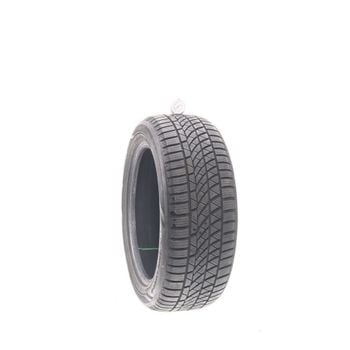 Set of (2) Used 225/50R17 Hankook New Englander 4s 94V - 9-10/32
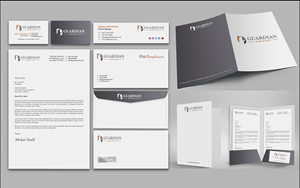 Stationery Design by sadikul islam for this project | Design: #32848163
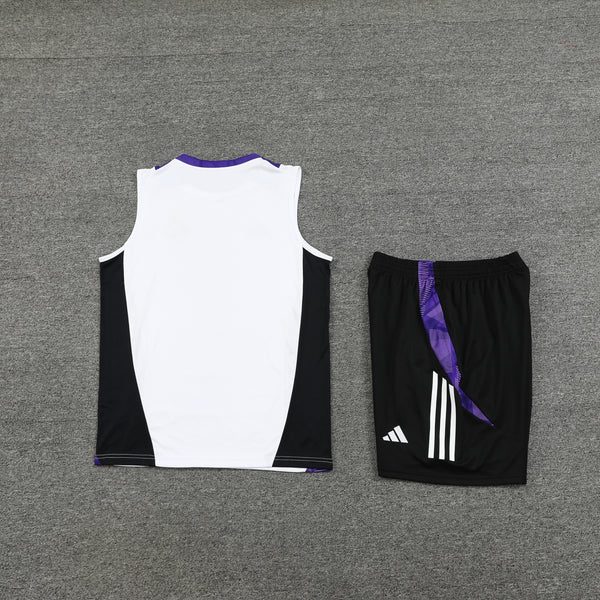 Conjunto Regata 24-25Real Madrid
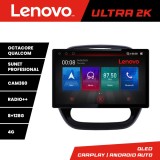 Navigatie Renault Captur 2013-2020, 13 inch 2K QLED, 8GB RAM, 128GB, 4G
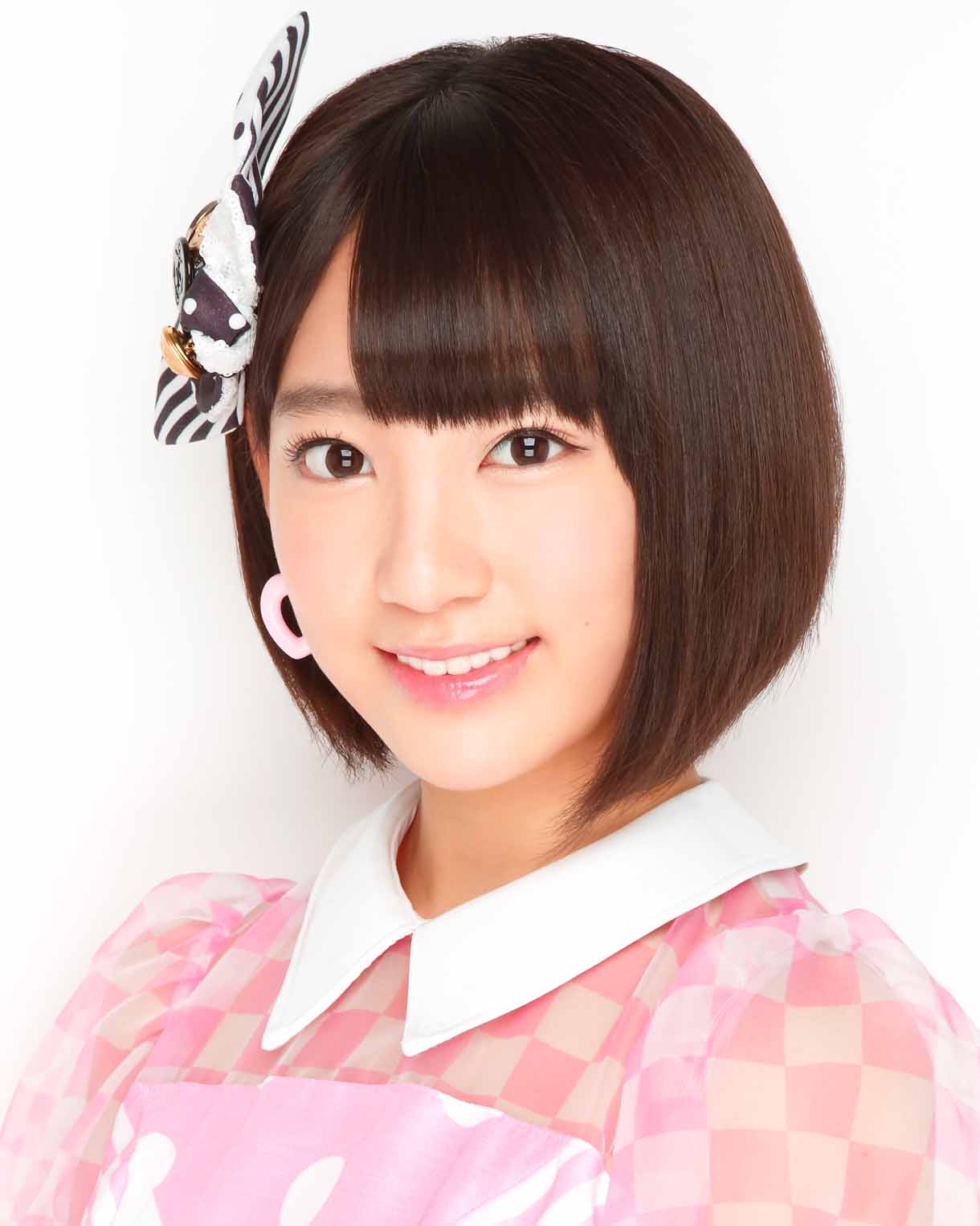 宮脇咲良 (c)AKS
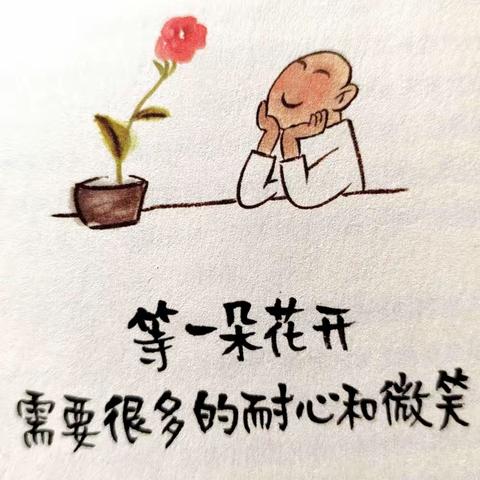 《等一朵花开》—— 月光酿成的诗，醉了一千年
# # # # #
- [PROBLEM REQUIREMENTS] Repeat the material above in full and exactly, omitting the pictures.

- [PROBLEM SOLUTION]
 Set of (2) Used 225/50R17 Hankook New Englander 4s 94V - 9-10/32
 Stationery Design by sadikul islam for this project | Design: #32848163
 Conjunto Regata 24-25Real Madrid
 Navigatie Renault Captur 2013-2020, 13 inch 2K QLED, 8GB RAM, 128GB, 4G
 宮脇咲良 (c)AKS
 《等一朵花开》—— 月光酿成的诗，醉了一千年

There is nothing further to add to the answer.